The expected answer comprises all lines from the entries that contain the string "version".

═════ GIVEN INFORMATION ═════

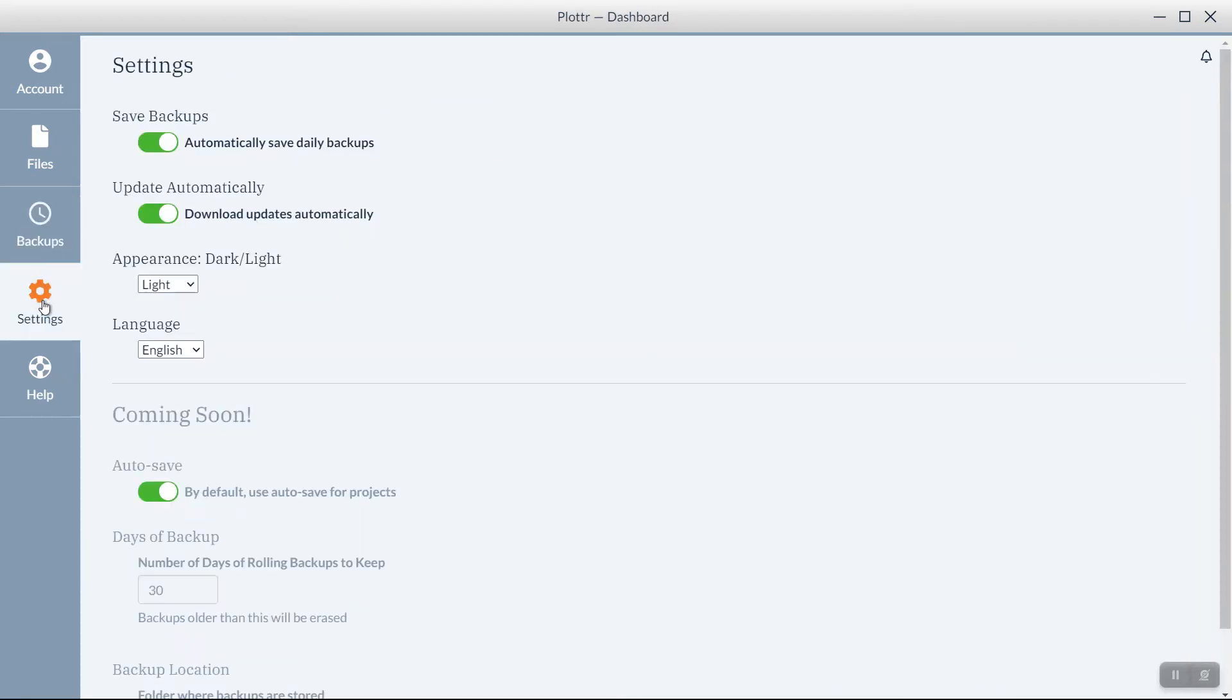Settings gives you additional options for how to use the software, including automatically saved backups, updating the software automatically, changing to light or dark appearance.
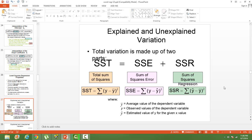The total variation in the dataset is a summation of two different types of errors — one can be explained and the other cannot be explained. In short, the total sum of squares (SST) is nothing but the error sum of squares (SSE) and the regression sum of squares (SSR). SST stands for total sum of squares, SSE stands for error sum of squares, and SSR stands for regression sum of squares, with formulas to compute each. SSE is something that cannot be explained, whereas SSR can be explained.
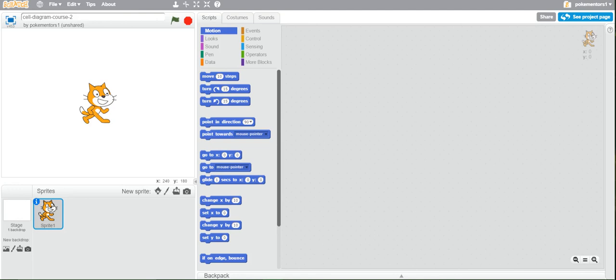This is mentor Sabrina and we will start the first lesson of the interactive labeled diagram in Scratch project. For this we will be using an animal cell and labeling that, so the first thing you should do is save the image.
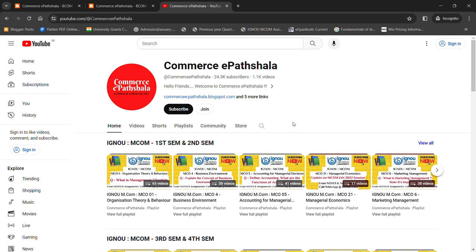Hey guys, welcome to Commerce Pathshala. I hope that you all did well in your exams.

═════
═════ GIVEN INFORMATION ═════

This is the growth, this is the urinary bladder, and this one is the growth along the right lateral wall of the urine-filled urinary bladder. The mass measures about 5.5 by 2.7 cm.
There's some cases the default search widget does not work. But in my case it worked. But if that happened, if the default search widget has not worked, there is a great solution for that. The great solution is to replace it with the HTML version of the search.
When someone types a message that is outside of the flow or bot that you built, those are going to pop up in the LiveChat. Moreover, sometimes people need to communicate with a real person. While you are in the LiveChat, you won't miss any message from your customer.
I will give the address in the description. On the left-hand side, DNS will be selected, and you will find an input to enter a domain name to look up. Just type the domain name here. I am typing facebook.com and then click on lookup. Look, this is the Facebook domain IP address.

═════
═════ GIVEN INFORMATION ═════

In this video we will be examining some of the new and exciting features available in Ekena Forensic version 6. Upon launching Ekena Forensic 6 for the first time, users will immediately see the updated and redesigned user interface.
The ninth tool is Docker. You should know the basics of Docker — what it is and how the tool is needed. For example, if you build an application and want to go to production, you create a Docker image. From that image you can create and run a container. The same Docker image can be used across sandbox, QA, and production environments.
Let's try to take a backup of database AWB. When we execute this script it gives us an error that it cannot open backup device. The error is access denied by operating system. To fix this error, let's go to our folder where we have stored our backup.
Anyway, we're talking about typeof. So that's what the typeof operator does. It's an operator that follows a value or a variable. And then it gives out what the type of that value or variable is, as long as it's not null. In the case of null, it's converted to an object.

═════

SOLUTION:
There's some cases the default search widget does not work. But in my case it worked. But if that happened, if the default search widget has not worked, there is a great solution for that. The great solution is to replace it with the HTML version of the search.
In this video we will be examining some of the new and exciting features available in Ekena Forensic version 6. Upon launching Ekena Forensic 6 for the first time, users will immediately see the updated and redesigned user interface.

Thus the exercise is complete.